А Валек в это время тащился за Ларой, ощущая тугую пружину под сердцем, то и дело проваливаясь в неглубокие ямки или, наоборот, налетая на кочки, подымая на Лару глаза, как на солнце, – так мучительны были ему колыханье, недоступность, свобода всего ее тонкого, звонкого тела, так ему омерзительно было ощущение собственной слабости и как будто прозрачности, вообще бестелесности. Страшно сохло во рту, и как будто уж не было голоса, чтобы окликнуть, даже если бы он и отважился, и казалось, что если настигнет и тронет ее, то рука его даже не рухнет в безволии, а стечет у нее по плечу, как вода.

Она не пошла по Стаханова, а, как водится, срезала угол, так же как и десятки площадного народа, и Валек тоже двинул дворами. Он не знал, что он сделает через мгновение, восстановит ли голос, дыхание, речь или сдуется, как заблудившийся проткнутый шарик, налетевший на острую ветку, ничего ей не скажет, а верней, не возьмет ее за руку, потому что она все и так понимает давно. И, идя вслед за ней, спотыкаясь на ровном, он то чуял накат безоглядной решимости, невозможность смолчать, сникнуть, сдуться и летел, как груженая вагонетка под горку, то с такою же силой ощущал всю мужскую свою нищету, и сжимавшаяся в его сердце пружина уже много раз, представлялось, должна была выскочить вон.

Народ с пчелиным гулом растекался по подъездам, кое-кто направлялся к открытым дверям гаражей, и вот уже меж Ларой и Вальком осталась лишь мучительная пустота – метров десять – пятнадцать дороги, изгибавшейся между рыжеватых полян, между детских футбольно-хоккейных площадок, обнесенных дощатыми бортиками и заржавленной рабицей, между детских садов с их верандами и гнилыми избушками, с железными скелетными ракетами и сказочными петушками, раскрашенными в яркие цвета, между старых сараев и пыльных трансформаторных будок с предупреждавшими Валька табличками: «Стой! Опасно для жизни».
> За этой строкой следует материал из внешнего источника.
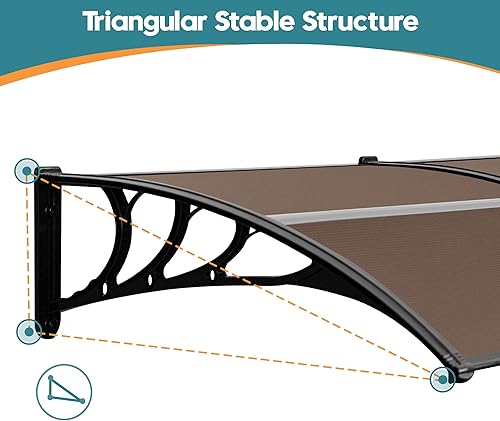 Miniatura 22 de MCombo Toldo para ventana de 39.8 x 37.8 pulgadas, para exteriores, de policarbonato, para patio, 6055-4040 (tablero gris con soporte negro)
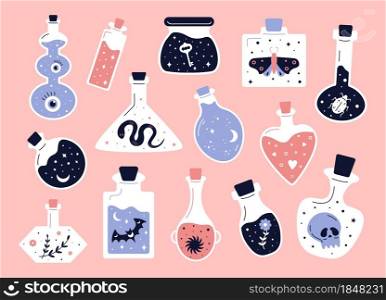 Doodle witchcraft. Love potions and magician occult equipment, cartoon magic shop elements. Vector set symbols alchemy potion wizard. Doodle witchcraft. Love potions and magician occult equipment, cartoon magic shop elements. Vector set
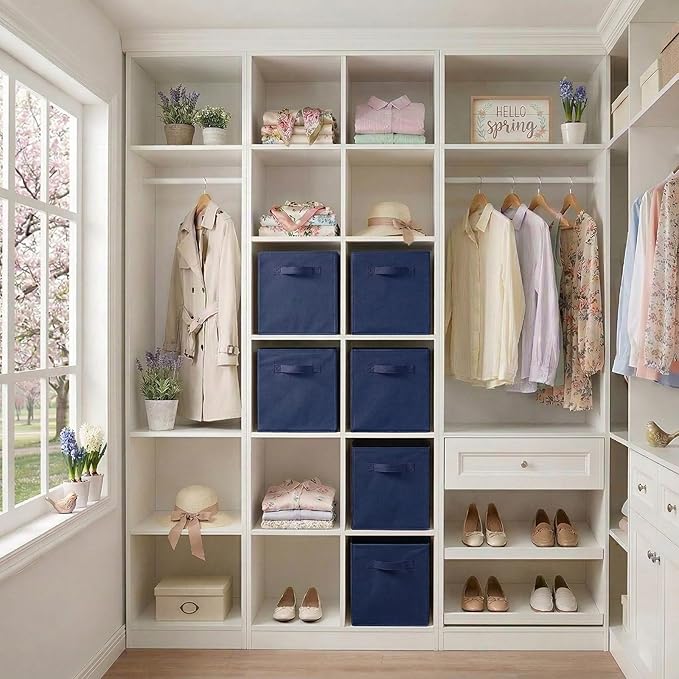 ShellKingdom Storage Bins, Foldable Fabric Storage Cubes And Cloth Organizer Drawer For Closet And Toys, 13 X 13 X 13 INCH, 6 Pack (Dark Blue)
Презирая себя, он замедлил дрожливый, спотыкавшийся шаг и пошел с чугуном на ногах, будто уж отпуская, отдавая ее непонятно кому и чувствуя от этого ублюдочное облегчение: вроде как самого его вдруг отпустили; не полез – и казнить, значит, не за что… Из арки женской консультации возникли двое тощих обсосов в спортивных штанах… и, быстрей, чем он дернулся, – вот как надо, Валек! – налетели на Ларку! Сумку с ходу рванули! И крик – разве даст она вырвать?.. вцепилась! лягнула!.. и один – по лицу ее, в голову! Подломилась, упала на своих каблуках, и Валек ощутил нестерпимый капустный хруст тела, словно били его самого… рвали сумку, как псы, и пинали, словно под ноги им захлестал кипяток…

Валек напрыгнул, молотнул, разбивая сведенные козанки о затылок, опустил одного на колени, прыгнул через козла на второго… Тот и мать бы родную уже не признал – взгляд стеклянный, беспамятный… и Валек изловчился попасть ему в зубы. Ремень сумки лопнул, и бритый упал, запнувшись о чугунную оградку. Подошвы кроссовок увидел Валек, и тут же как током его жигануло – пробойный удар в низ спины заставил согнуться от боли…

– Вы чё там, шпана?! Э! Хорэ! Стоять, падло, фу! Фу, сказал!.. – Идущие следом шахтеры пугнули козлов, вмели их назад в подворотню как веником. Валька подцепили: – Вы чё тут?!. Ты, что ли, Валек?.. Ау, парень, как ты? Куда тебя, чем?.. Полет нормальный? Ну и хорошо!.. За сумочку, что ли?.. Совсем уже страх потеряли, обдолбыши! Как город встал на уши, они и шустрят под шумок. Что в сумке-то, милая?

– А вся моя жизнь, – откликнулась Лара привычно насмешливым голосом, и жаркая радость плеснулась в Валька: цела! ничего не отбили!..

– Водички возьми вот – умойся! Дойдете одни, бедолаги? А то доведем до Изотовки. В больничку не надо?.. Как знаете…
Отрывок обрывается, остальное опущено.